Friday, March 22, 2013

Is the Crisis in Cyprus Real – Or Just a Monty Python Sketch? – And What’s With Germany Suddenly Having ‘Principles’


We Report – You Decide

The European community, led by Germany, is trying to bully the small island nation of Cyprus.  The banking system in that country, largely through its own fault, is near a state of total collapse.  Europe is being asked to bail it out, which seems reasonable since Europe has bailed out much, much larger banking systems in countries like Spain.  But political considerations have raised their ugly heads.

Germany in particular is taking the high and mighty road, despite absolutely no basis for doing so given the history of the 20th century.  Unlike any other situation, Germany is demanding Cyprus pay part of the cost of the bailout.  This is like asking an unemployed person to pay his or her own unemployment insurance benefits.

For reasons only understood if one understands bullies, Cyprus needs to raise 5.8 billion Euros to get a 10-13 billion Euro bailout.  The original plan was to tax bank deposits, in effect to take part of everyone’s bank account.  This was as unacceptable as it was idiotic.  

Petros Giannakouris/Associated Press
An employee of Laiki Bank, center, reacted during a rally outside the Cypriot Parliament on Friday.

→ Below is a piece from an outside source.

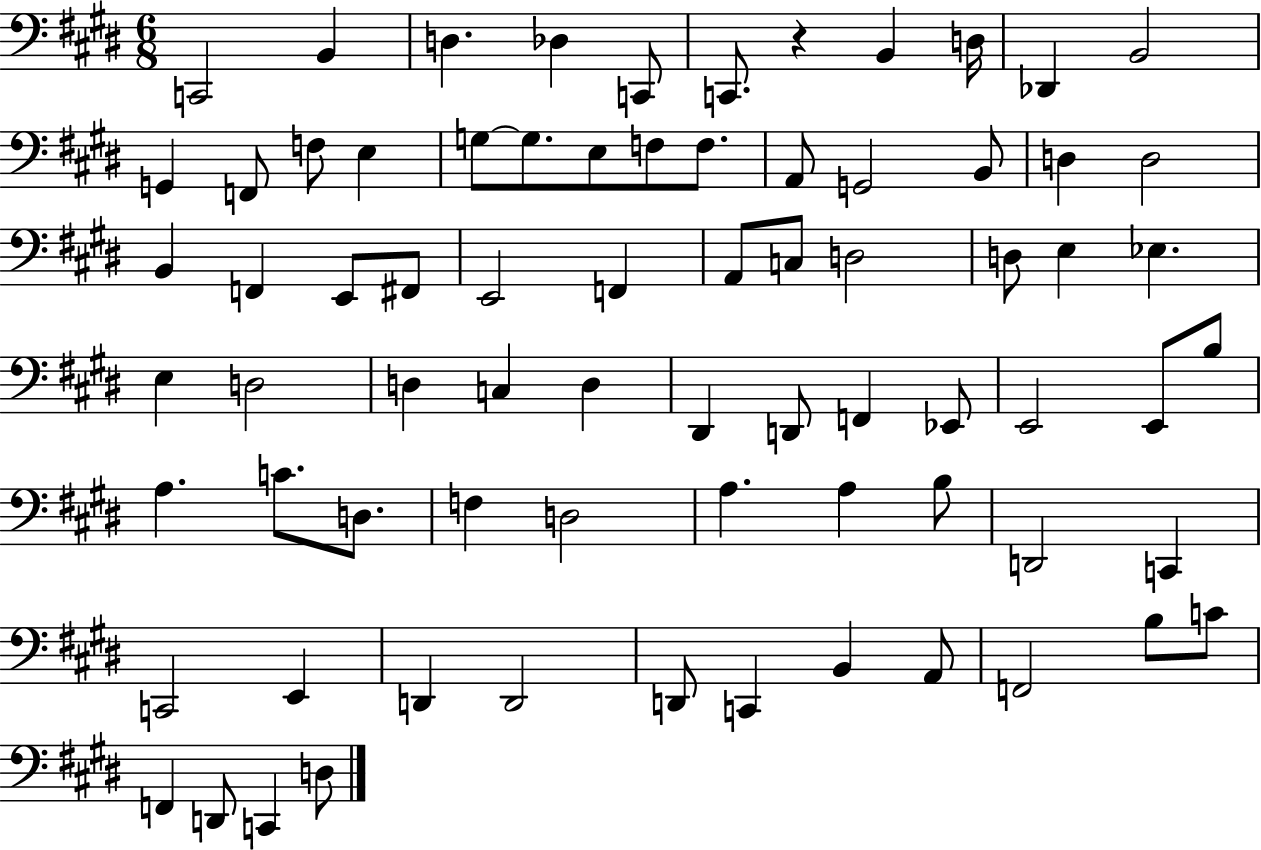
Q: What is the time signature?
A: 6/8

With anger and anxiety growing across Cyprus, Mr. Anastasiades’s new plan would scrap a tax on bank deposits. Experts warned, however, that the deposit-tax plan might need to be revisited unless the government found other means to reach the goal of raising €5.8 billion to satisfy Cyprus’s creditors and unlock the full bailout funds.

So what’s the new plan?

The plan sent to Parliament would nationalize pension funds from state-run companies and conduct an emergency bond sale to help raise the €5.8 billion. Gone was any reference to a deposit tax, which Parliament roundly rejected in a vote Tuesday.

But that plan offends Germany.

Before concrete details emerged, German leaders made it clear they would not back a deal that involved nationalizing the state-owned companies’ pensions, a measure that is rejected in Berlin as more socially dangerous than even the original plan to tax smaller savings.

In a closed-door meeting with members of her junior coalition partner, the Free Democrats, Chancellor Angela Merkel made clear her impatience with the government in Cyprus, stating that “under no circumstances can we give up our principles,” the public television network ARD reported.

Now it’s nice that Germans have principles.  It would have been even nicer if they had those principles back when, say, they were murdering 6 million or more Jews, Eastern Europeans and other peoples.  It would be nice if they had those principles when some gratitude is required for the postwar aid given to Germany or the protection West Germany had from Soviet occupation.

As for the Cypriots, they are doomed no matter what.  Even if they get a bailout the economy will be devastated in the short term.  So the recommendation is that they leave the Euro, set up their own currency and suffer the consequences.  They will suffer almost the same if they don’t, but this way they will have the satisfaction of standing up to bullies.  And who knows, maybe Russia, which has a lot of wealthy citizens at risk here will do something.